During the pandemic lockdowns, the writer (veteran raver, protester, and football fan) Dan Hancox watched videos of football chants on loop, moved by the footage of thousands of people coming together to sing “You’ll Never Walk Alone”, or “Sunshine on Leith”. He realised how much he missed not only the companionship of his friends but the feeling of being among strangers, dancing at raves or festivals, beer in hand, commiserating with his fellow AFC Wimbledon supporters, or shouting at a political demo. When we dissolve into the crowd, he argues, we are answering a primal desire to feel part of something bigger than ourselves. Before we became “atomised, self-interested individuals with Netflix accounts and no mates”, we were herd animals; we sang and danced together; we understood that when we come together as a group, we are greater than the sum of our parts.

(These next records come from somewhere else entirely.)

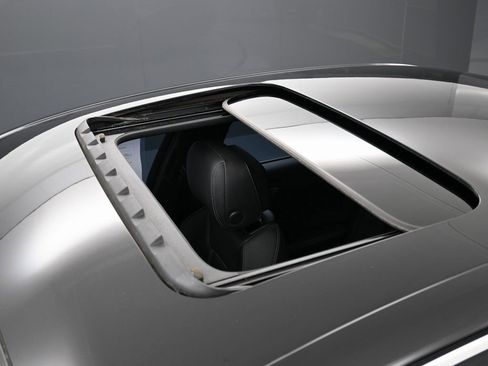 Used 2022 Audi A4 2.0T Premium Plus w/ Premium Plus Package image 11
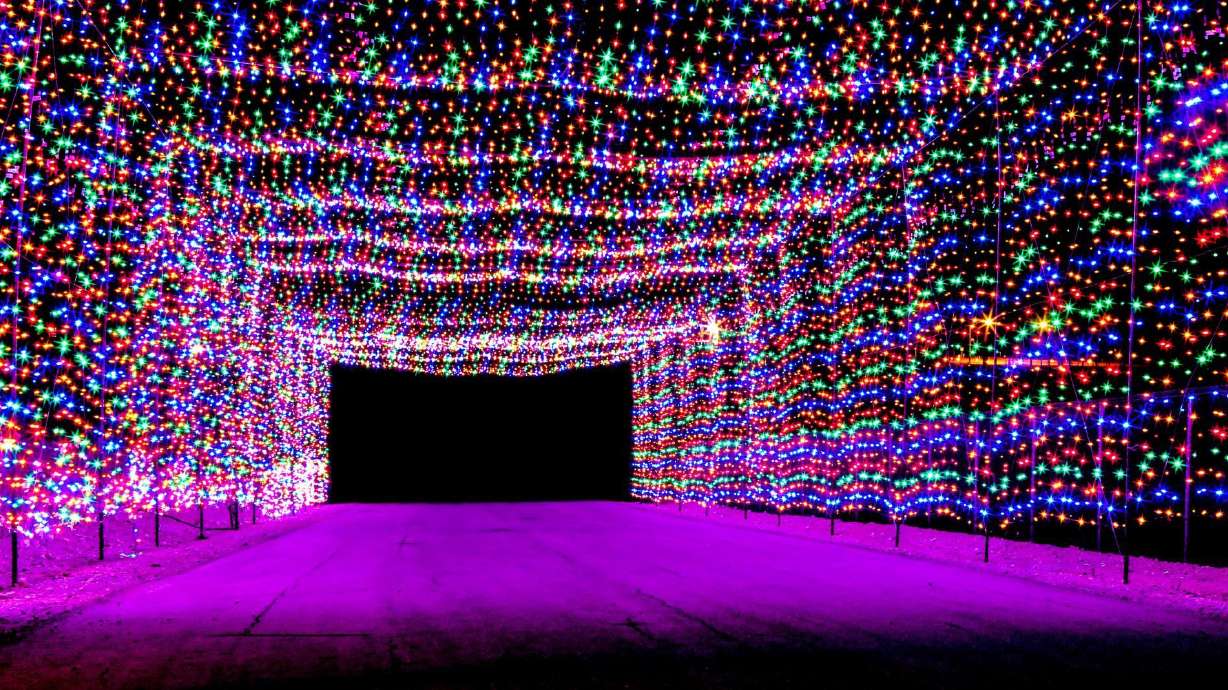 Best places to see Christmas lights in the U.S.
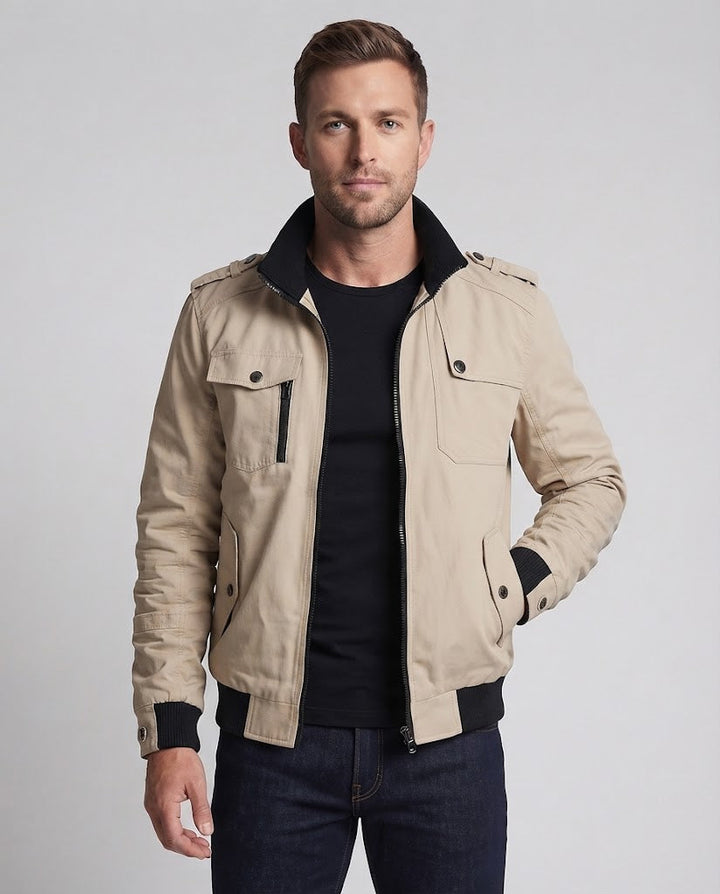 Herren Kurzblouson im Utility‑Field‑Design mit Stehkragen, Schulterepauletten und verdeckten Reißverschlusstaschen Drune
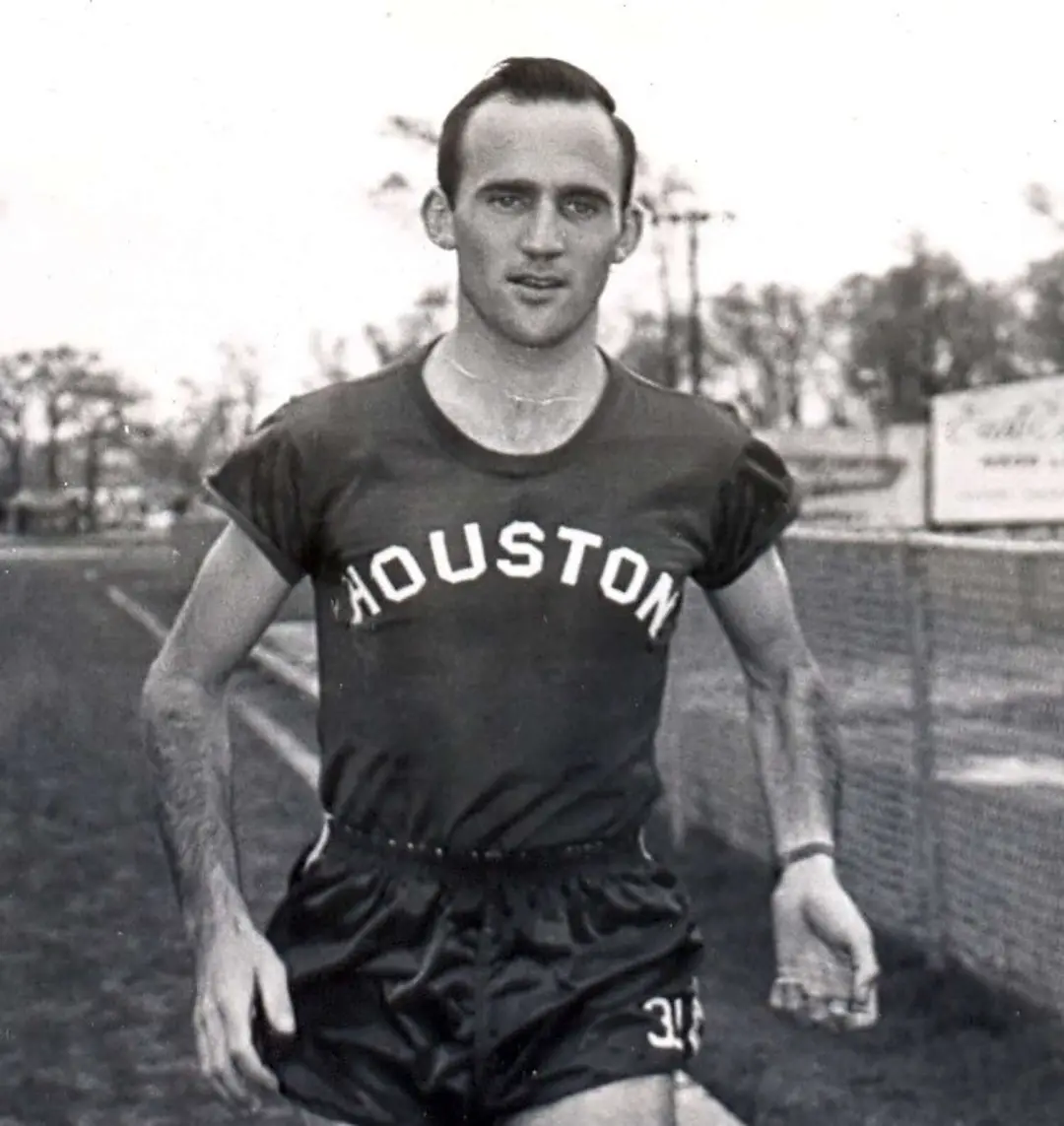 Pat Clohessy faleceu aos 93 anos, uma figura importante no atletismo da Universidade de Houston. Ele dedicou a vida ao …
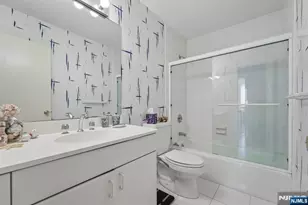 2150 Center Ave 15E, Fort Lee, NJ 07024 - Photo 20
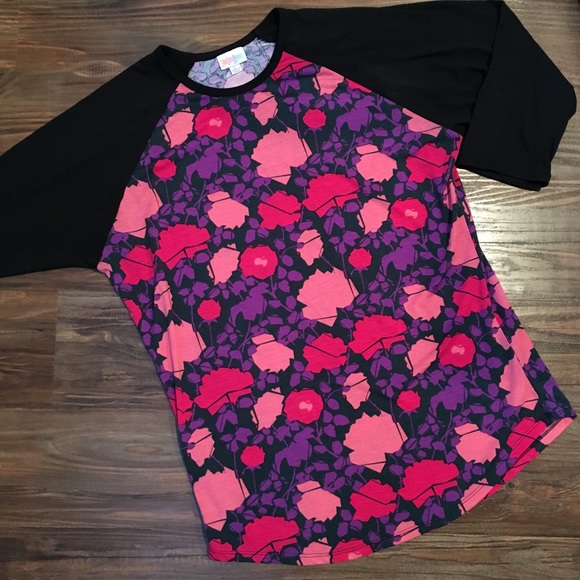 LuLaRoe Tops - Lularoe Randy Floral Top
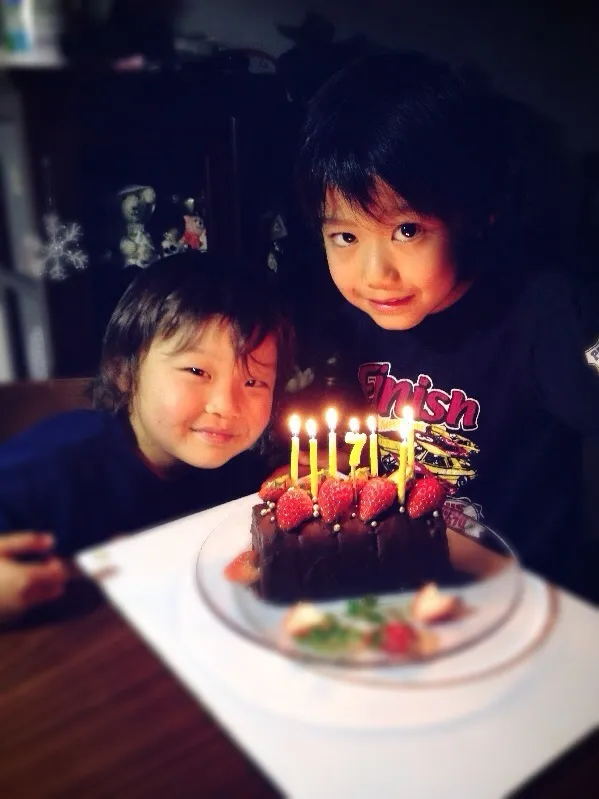 7歳の誕生日ケーキ🎂|ファンメイ🌺さん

Even before the coronavirus forced us into self-isolation, British communal life had been shrinking for decades, Hancox writes. Many urban public spaces have become privatised, and austerity politics has forced the closure of thousands of community centres, libraries, youth groups, playgrounds, leisure centres and parks. A series of laws, from the 1994 Criminal Justice and Public Order Bill, which criminalised the free rave sDcene, to the introduction of Asbos, public dispersal orders and the 2023 Public Order Bill, have challenged our right to self-assembly.
In Multitudes: How Crowds Made the Modern World, a book that grew out of an essay Hancox wrote during the first lockdown, he argues that crowd membership transforms the individual – our self-understanding and sense of agency is enlarged when we act as part of a bigger group – and that crowds change the course of history. Crowds are “the most direct and physical expression of democracy that we have”, he writes, and they have the power to bring an issue to a head, to catalyse and accelerate change, as when the Arab Spring uprisings toppled decades-old dictatorships in the early 2010s, or, closer to home, when Bristol protesters toppled the statue of the enslaver Edward Colston and dumped it in the harbour in 2020.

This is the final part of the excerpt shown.